What LabelSets does to protect customer data, how we handle cryptographic material, how we respond to vulnerability reports, and which independent attestations back what we claim. Last updated 2026-04-22.
Controls mapped to OWASP's current Top-10 categories. "Live" means the control is in production; "Planned" means scheduled on the roadmap with an expected date.
| Category | Control | Status |
|---|---|---|
| A01 · Broken Access Control | Supabase Row-Level Security on every table; auth.role() checks on every policy; service_role only used in validation worker. No IDOR: all routes bind resource ownership to auth.uid(). | Live |
| A02 · Cryptographic Failures | TLS 1.3 everywhere (Railway + Supabase enforce HTTPS). AES-256 for Supabase storage at rest. Ed25519 signatures on LQS certs. No custom crypto. | Live |
| A03 · Injection | Supabase client with parameterized queries exclusively. No raw SQL concatenation. HTML escaped through server-side template functions. | Live |
| A04 · Insecure Design | Append-only audit tables (oracle_evaluations, lqs_certs, lqs_cert_revocations). Idempotent validation pipeline.
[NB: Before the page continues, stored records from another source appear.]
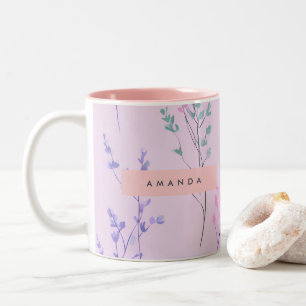 Caneca De Café Em Dois Tons Pastel Floral Personalizado, Elegante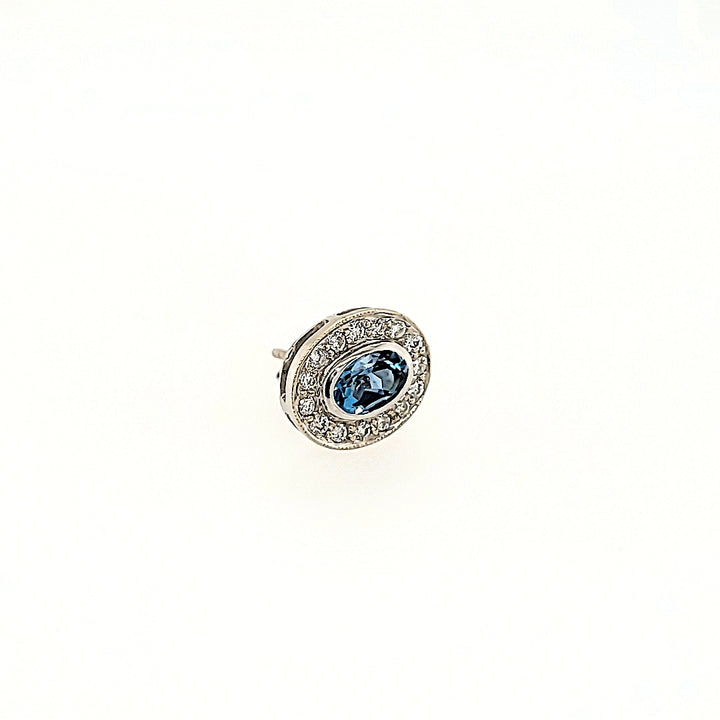 Aquamarine Stud Earrings with Diamond Accents in 18k Gold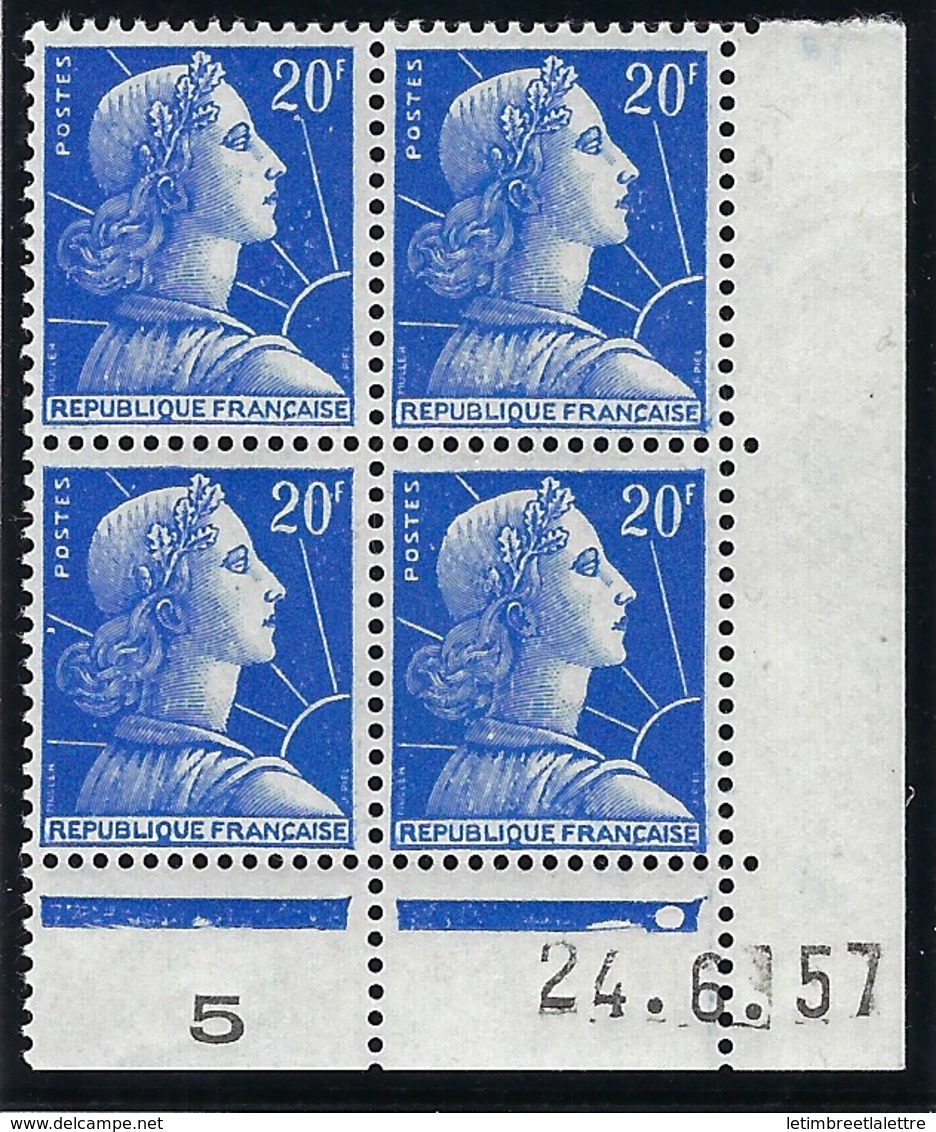 France - Thématique Marianne De Muller - N° 1011B ** - TTB - Coin Daté - Bloc De 4 - 1950-1959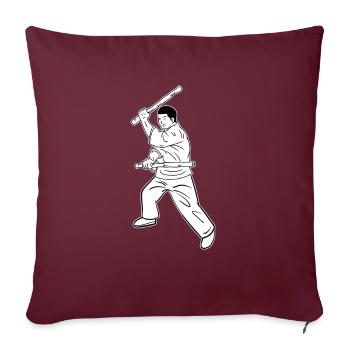 Art martial philippin Kali Arnis Escrima - Housse de coussin décorative 45 x 45 cm - bordeaux - Devant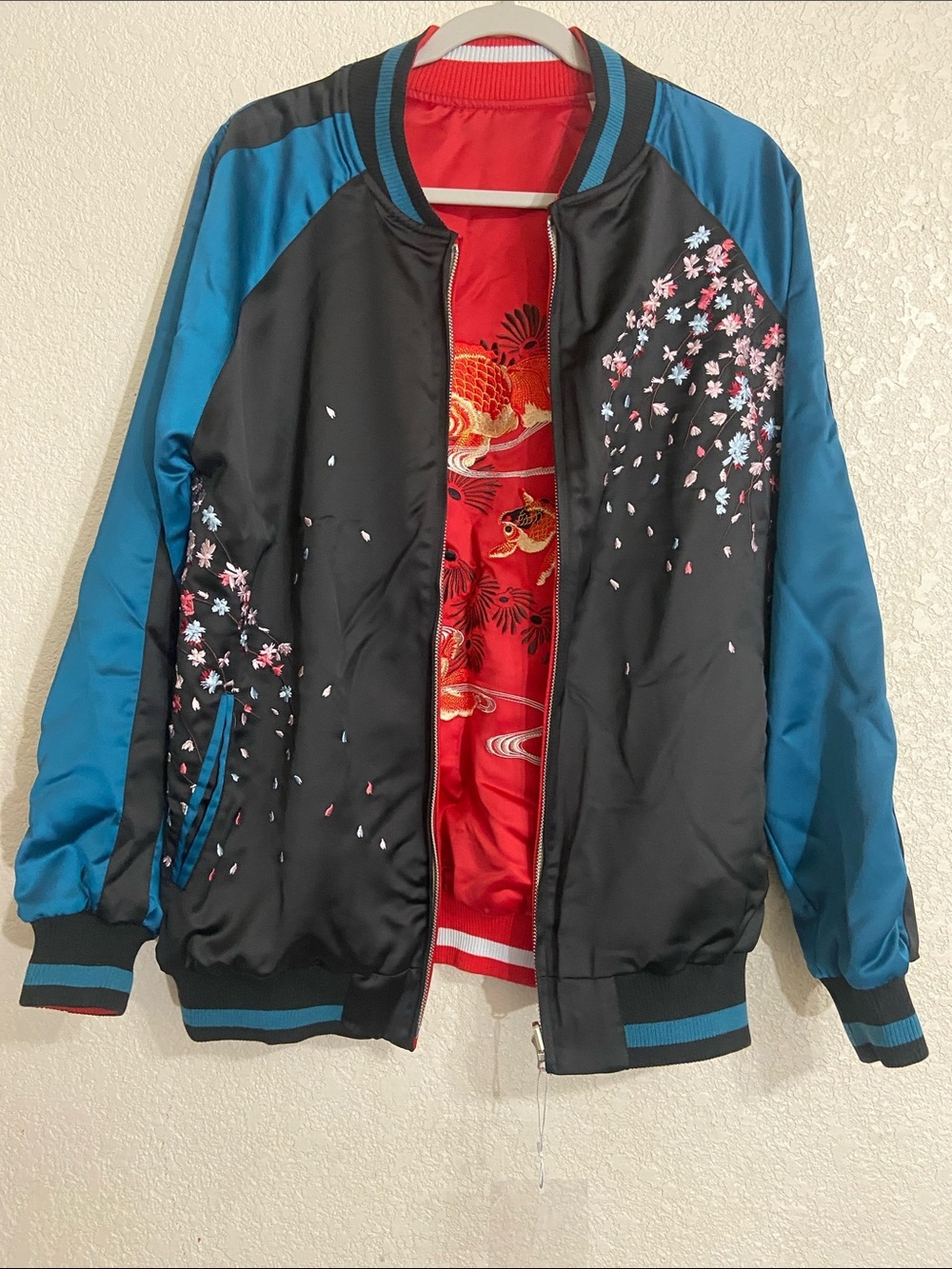 ( NEW Reversible ) Koi & Goldfish Sukajan Souvenir Bomber Jacket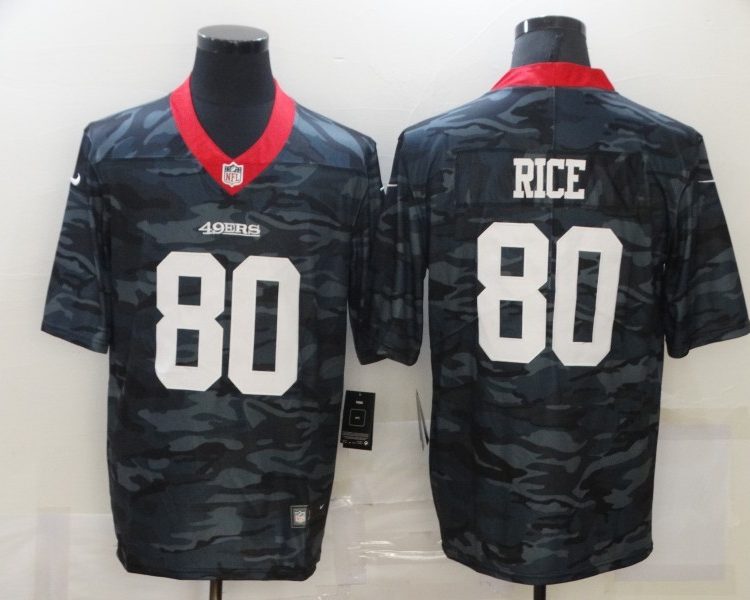 Men's San Francisco 49ers Jerry Rice #80 Gray Camouflage Jersey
Signed cert model makes tamper trails visible. | Live |
| A05 · Security Misconfiguration | CSP, HSTS, X-Frame-Options DENY, X-Content-Type-Options nosniff, Referrer-Policy strict-origin, Permissions-Policy lockdown (see vercel.json). | Live |
| A06 · Vulnerable & Outdated Components | npm audit on every CI run. Dependabot on key dependencies. Python pip-audit gates model-eval deploys. | Live |
| A07 · Identification & Authentication Failures | Supabase Auth (GoTrue) with password strength + HIBP cross-check. Rate-limited login. OAuth via Google. Enterprise SAML SSO available. | Live |
| A08 · Software & Data Integrity Failures | Ed25519 signatures on LQS certs with canonical JSON serialization. All cert payloads verifiable offline. Revocation registry catches post-facto-compromised certs. | Live |
| A09 · Security Logging & Monitoring | Supabase structured logs + Railway deployment logs. Failed authn + anomalous API call attempts captured. Full SIEM alerting planned Q3 2026. | Partial · full SIEM Q3 '26 |
| A10 · Server-Side Request Forgery | No user-controlled URL fetching in prod routes. VirusTotal hash lookup is the only outbound call from seller-upload path — URL fixed, API key scoped. | Live |
LabelSets signs every LQS cert with a single Ed25519 keypair. The public key is published at /api/lqs-public-key so any procurement auditor can verify offline. Rotation policy and key custody summarized below.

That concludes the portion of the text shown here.